=== DIRECTIONS FOR THIS TASK ===
Look through the data below, and copy each line that carries the word "Property".

───── PROVIDED RECORDS ─────

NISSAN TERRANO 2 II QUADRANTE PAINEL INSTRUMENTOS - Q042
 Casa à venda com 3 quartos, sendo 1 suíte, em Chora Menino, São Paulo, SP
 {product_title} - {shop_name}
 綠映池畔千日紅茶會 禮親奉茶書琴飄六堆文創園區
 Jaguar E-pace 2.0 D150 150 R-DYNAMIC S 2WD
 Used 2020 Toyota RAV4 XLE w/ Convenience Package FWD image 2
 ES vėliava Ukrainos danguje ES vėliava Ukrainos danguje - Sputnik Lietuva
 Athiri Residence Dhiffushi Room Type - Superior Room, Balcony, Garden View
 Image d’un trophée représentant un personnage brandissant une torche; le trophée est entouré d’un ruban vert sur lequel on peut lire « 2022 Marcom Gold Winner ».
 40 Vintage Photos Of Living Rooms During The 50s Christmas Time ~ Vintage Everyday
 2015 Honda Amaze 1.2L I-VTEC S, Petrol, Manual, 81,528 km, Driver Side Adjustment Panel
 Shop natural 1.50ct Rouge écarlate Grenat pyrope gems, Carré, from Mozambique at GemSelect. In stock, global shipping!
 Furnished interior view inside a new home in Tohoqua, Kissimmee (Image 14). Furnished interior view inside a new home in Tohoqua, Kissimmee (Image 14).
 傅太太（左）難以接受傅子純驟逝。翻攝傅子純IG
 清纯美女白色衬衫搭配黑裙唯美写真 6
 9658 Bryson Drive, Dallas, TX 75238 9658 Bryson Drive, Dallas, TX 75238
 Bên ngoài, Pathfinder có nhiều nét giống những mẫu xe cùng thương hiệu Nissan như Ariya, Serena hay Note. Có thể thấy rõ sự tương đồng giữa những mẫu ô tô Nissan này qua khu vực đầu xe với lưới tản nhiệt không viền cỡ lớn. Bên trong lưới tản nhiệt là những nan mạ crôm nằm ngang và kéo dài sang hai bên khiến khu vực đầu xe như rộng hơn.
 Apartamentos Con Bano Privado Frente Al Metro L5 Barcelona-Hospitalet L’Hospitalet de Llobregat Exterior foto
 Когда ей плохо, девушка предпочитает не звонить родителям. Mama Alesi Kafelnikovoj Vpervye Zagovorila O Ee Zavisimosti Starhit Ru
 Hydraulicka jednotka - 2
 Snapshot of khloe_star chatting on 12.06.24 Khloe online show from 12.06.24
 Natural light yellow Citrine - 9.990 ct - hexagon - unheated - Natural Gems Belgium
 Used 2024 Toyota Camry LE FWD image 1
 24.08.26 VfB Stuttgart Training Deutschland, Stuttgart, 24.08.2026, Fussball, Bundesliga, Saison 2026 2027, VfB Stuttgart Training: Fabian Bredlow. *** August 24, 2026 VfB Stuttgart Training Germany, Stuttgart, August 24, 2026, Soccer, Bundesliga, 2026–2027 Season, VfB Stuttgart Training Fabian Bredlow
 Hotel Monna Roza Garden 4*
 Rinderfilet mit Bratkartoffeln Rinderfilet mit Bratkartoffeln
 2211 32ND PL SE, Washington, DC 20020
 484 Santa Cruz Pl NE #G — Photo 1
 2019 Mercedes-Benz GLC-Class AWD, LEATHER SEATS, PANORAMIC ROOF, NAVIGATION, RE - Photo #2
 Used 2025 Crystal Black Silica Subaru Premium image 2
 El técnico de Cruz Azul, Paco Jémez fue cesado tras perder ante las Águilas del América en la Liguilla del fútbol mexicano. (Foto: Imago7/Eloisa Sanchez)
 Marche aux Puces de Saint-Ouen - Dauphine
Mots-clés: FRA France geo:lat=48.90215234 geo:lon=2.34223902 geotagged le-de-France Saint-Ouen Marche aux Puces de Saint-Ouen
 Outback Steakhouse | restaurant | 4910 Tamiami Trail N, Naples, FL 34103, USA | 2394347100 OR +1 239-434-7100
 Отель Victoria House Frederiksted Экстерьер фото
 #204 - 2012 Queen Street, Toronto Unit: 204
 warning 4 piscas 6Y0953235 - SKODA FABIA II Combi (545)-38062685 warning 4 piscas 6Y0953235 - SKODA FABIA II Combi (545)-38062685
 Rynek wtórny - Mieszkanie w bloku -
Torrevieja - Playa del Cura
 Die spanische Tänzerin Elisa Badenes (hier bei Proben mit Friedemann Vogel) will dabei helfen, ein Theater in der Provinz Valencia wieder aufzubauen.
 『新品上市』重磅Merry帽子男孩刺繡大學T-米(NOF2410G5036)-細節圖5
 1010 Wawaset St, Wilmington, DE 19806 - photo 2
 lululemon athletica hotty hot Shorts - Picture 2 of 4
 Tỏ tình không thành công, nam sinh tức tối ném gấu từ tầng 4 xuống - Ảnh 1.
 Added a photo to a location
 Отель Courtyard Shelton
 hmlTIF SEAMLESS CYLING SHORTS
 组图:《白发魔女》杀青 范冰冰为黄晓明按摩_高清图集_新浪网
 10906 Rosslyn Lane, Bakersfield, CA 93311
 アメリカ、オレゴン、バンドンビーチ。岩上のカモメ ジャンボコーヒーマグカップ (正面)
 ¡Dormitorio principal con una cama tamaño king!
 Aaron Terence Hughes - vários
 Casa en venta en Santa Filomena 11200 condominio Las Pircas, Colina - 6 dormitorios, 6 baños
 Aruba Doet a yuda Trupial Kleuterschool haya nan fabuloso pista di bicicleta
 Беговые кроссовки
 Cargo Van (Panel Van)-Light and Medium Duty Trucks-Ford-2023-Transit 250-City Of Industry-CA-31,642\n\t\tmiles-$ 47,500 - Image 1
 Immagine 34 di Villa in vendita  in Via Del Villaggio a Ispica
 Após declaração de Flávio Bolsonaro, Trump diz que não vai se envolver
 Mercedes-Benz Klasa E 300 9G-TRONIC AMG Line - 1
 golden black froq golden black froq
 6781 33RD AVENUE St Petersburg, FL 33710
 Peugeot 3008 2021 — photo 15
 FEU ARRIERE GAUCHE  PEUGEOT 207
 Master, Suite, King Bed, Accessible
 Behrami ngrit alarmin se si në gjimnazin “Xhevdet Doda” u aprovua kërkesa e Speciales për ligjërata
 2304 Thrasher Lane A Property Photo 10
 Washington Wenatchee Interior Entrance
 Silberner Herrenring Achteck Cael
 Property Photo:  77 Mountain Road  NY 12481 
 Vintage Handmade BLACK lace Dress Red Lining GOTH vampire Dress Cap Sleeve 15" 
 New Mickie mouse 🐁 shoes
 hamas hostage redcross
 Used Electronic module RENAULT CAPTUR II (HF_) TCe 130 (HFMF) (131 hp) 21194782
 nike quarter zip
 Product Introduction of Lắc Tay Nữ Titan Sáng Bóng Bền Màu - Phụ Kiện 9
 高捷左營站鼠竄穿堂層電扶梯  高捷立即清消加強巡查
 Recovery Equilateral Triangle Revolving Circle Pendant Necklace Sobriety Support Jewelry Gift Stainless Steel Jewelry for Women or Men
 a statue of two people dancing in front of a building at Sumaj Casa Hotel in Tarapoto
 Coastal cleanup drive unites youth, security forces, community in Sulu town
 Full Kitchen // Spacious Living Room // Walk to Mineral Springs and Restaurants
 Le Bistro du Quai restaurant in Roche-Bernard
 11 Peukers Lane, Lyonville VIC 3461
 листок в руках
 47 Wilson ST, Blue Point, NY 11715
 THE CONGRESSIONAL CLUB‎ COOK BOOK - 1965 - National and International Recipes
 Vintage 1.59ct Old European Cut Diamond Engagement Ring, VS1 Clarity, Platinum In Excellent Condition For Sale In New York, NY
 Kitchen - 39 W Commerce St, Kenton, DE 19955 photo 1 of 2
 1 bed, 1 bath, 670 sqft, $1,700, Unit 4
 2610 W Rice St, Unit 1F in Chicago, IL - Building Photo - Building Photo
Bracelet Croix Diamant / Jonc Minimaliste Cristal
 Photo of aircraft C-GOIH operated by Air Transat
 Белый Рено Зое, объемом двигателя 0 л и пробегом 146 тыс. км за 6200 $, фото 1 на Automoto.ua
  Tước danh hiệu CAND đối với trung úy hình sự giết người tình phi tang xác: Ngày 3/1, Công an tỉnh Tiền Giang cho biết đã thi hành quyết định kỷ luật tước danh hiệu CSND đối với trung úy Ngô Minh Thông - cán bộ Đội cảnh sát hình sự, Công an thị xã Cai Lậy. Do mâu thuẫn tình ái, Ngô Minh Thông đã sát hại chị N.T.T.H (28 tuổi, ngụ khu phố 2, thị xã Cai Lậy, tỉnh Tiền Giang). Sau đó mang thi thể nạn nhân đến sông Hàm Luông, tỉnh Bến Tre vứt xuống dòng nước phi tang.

─────

=== OUTPUT OF THE TASK ===
 2304 Thrasher Lane A Property Photo 10
 Property Photo:  77 Mountain Road  NY 12481 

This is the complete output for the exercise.